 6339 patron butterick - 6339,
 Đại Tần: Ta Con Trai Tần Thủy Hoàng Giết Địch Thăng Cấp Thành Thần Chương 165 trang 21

...

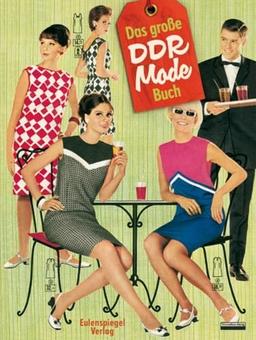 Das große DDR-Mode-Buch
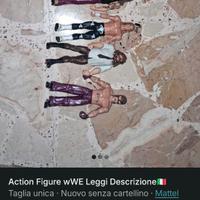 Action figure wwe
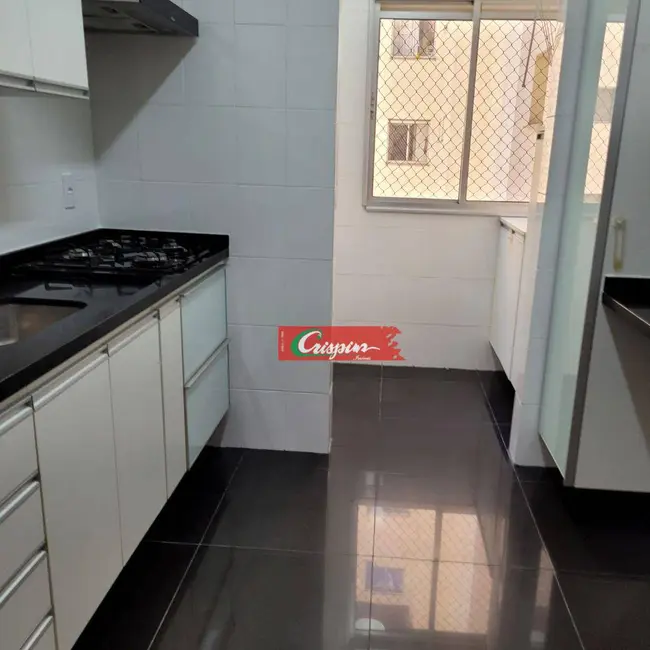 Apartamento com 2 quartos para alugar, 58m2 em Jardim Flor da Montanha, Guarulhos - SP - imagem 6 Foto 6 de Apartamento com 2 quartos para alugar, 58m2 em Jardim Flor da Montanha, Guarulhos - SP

---

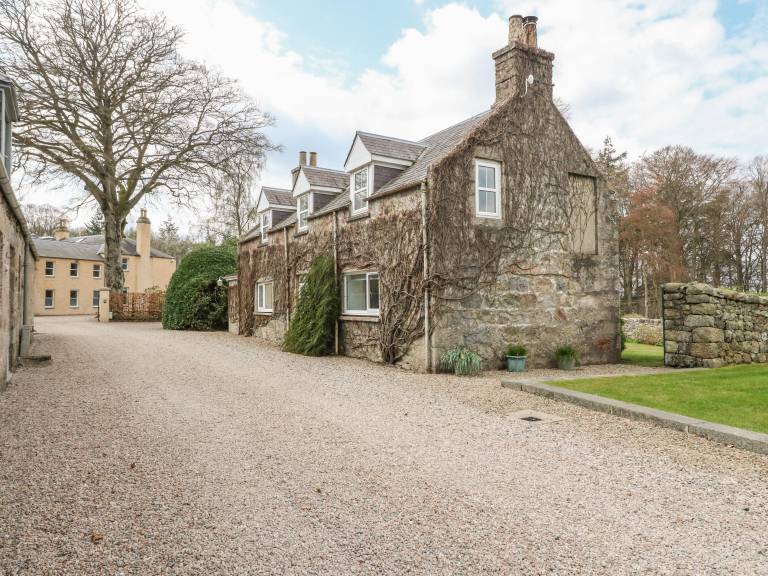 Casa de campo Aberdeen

• [WORK INSTRUCTION]:
Go to the line above holding "Action figure wwe", then copy exactly each line down to and including the one holding "SP - imagem", leaving pictures out.

• [RESULT OF THIS TASK]:
 Action figure wwe
 Apartamento com 2 quartos para alugar, 58m2 em Jardim Flor da Montanha, Guarulhos - SP - imagem 6 Foto 6 de Apartamento com 2 quartos para alugar, 58m2 em Jardim Flor da Montanha, Guarulhos - SP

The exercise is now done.